Currently, she is working with NASA to verify the migratory corridors of birds. His foundation organizes environmental challenges for school students. One of the challenges is the Bondar Challenge in which students are given cameras to take photos of the environment and connect with the world they live in. In this way, she connects people and infuses science with art and art with science. Schools and camps deliver this innovative program to more than 3,500 young people each year in person or online.

On January 22 this month, during the virtual gala celebration, a number of dignitaries spoke of the great impact Dr. Bondar had during and since the Discovery flight. The Governor General of Canada, Her Excellency the Right Honorable Mary Simon, the Prime Minister of Canada, the Right Honorable Justin Trudeau, Lieutenant G. of Ontario, His Honor the Honorable Elizabeth Dowdeswell spoke with the latter in calling Dr Bondar a ‘renaissance person’.

Her high school math teacher John Fleming, STS-42 Discovery mission commander Colonel Ronald Grabe, journalist Peter Mansbridge, singer Anne Murray mentioned that Dr. Bondar asked her at the time to compile a music tape she could enjoy in space. Singer Susan Aglukark, filmmaker Deepa Mehta and others spoke with glowing words of Dr Bondar.
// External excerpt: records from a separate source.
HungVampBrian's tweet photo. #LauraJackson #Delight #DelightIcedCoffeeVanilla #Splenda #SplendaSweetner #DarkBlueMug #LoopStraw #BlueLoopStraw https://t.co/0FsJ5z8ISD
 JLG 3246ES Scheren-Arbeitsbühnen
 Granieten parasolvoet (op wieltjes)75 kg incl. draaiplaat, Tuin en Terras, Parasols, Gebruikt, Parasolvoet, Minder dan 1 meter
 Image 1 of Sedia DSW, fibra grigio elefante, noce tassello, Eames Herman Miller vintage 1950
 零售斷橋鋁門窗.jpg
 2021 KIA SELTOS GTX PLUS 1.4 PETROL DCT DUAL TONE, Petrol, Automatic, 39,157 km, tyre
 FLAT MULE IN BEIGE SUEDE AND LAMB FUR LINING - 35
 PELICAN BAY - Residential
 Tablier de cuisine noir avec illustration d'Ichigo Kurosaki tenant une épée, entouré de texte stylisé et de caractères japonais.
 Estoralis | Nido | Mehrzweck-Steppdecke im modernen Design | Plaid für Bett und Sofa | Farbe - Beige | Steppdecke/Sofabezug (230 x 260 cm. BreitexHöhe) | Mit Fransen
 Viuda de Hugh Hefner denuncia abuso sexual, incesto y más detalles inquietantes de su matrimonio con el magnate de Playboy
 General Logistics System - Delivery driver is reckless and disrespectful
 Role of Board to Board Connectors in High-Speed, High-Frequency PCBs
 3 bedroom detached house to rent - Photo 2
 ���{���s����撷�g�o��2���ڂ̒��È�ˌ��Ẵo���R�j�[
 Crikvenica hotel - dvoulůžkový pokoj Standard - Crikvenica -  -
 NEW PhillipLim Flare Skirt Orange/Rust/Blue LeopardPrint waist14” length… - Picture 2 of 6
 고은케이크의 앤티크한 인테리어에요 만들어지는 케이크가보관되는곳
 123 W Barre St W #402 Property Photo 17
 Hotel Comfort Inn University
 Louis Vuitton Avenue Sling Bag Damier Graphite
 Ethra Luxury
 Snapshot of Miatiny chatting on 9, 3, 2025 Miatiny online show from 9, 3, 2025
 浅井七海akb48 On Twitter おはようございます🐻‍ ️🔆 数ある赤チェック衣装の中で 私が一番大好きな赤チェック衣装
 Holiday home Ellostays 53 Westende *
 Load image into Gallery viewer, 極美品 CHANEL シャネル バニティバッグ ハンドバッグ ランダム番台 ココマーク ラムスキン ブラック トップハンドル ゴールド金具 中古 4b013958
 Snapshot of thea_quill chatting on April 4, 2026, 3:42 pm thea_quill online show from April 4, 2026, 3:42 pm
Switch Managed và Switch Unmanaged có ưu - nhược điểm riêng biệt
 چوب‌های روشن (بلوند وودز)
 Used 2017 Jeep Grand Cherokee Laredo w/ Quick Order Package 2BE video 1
Mark Tewksbury was the emcee for the evening and presented questions from the gathering to Dr Bondar. Mr. Tewksbury spoke of his sense of humor, his humility and his philanthropy. One question posed was what advice she would give to graduate students considering applying to become astronauts. She suggested that diversity in learning and training would be helpful and that the pursuit of science is important because “space is a big frontier”. She mentioned the James Webb Space Telescope.

Dr. Roberta Bondar is a national treasure with seven degrees, 28 honorary degrees and numerous awards including Companion of the Order of Canada, Order of Ontario, Canadian Medical Hall of Fame, Hall of fame of the International Women’s Forum and she was Chancellor at Trent University for six years.

She has written eight books and has even been featured on the Letterkenny TV show three times. She has five schools named after her and 20 honors including a stamp, a coin and a star on Canada’s Walk of Fame. She is truly a role model for young girls and boys. She is tenacious, professional and as a doctor, her goal has been to help people.

It was a privilege and a pleasure for me to attend the launch of Dr Bondar’s flight, to entertain her during her visit to our community in 1992, and then to visit her virtually in 2022.